A possible explanation for this finding might be, first, follicle-stimulating hormone (FSH) may be involved in enhancing some sperm parameters. FSH is secreted from the anterior pituitary and plays a role in maintaining spermatogenesis. Low sperm number, sperm swimming progression, and sperm swimming vigor were observed in FSH receptor knockout mice compared with those in wild-type mice, but the percentage of motile sperm and sperm swimming pattern were not changed [8]. These effects on sperm parameters are consistent with the sperm parameters observed in the present study, supporting the involvement of FSH. FSH secretion is regulated by negative feedback from testosterone. Therefore, the anti-androgenic activity of TDCIPP could stimulate FSH secretion, resulting in an increase in some sperm parameters. Second, although no report on the androgenic activity of TDCIPP exists, flutamide, a general anti-androgenic chemical, sometimes acts as an androgenic substance [21]. Thus, TDCIPP might exhibit androgenic activity on spermatogenesis. Third, an in vitro study investigating the endocrine disrupting potency of OPFRs indicated that TDCIPP exhibits weak estrogenic activity [25]. Estrogen is involved in spermatogenesis, such that estrogen receptor α knockout mice display low sperm numbers [6]. Therefore, results in the present study may be due to the estrogenic activity of TDCIPP. Fourth, the alteration of some sperm parameters might not be caused by hormonal activity. For example, oxidative stress detrimentally affects spermatogenesis resulting in infertility [2], and antioxidant administration increases sperm number and motion [1, 24]. Thus, TDCIPP may act via antioxidant activity in testis to increase some sperm parameters. Examination of testis histology to identify the stage of spermatogenesis affected by TDCIPP, and along with hormone measurements, is key to assess the aforementioned hypotheses.

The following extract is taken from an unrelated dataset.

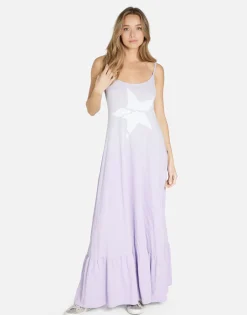 Fashion Cracked Star Maxi Dress | Beatrix By Women Dresses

In summary, the present study demonstrated that TDCIPP did not exhibit typical anti-androgenic activity on sperm parameters in adulthood. Our results, i.e., TDCIPP, an anti-androgenic chemical, enhances some epididymal sperm parameters, provide interesting information for both toxicology and physiology fields and contribute to the understanding of the biological effects of TDCIPP. As sperm parameters are related to fertility [11], TDCIPP may affect reproduction of animals. We administered TDCIPP to adult rats, but it is unclear if rats were administered TDCIPP during puberty when testicular maturation occurs. Moreover, it is also unclear whether TDCIPP affects sperm morphology, which is affected by anti-androgenic substances. Substantial study is still needed to assess the reproductive toxicity of TDCIPP further.

CONFLICT OF INTEREST

The authors declare no conflict of interests.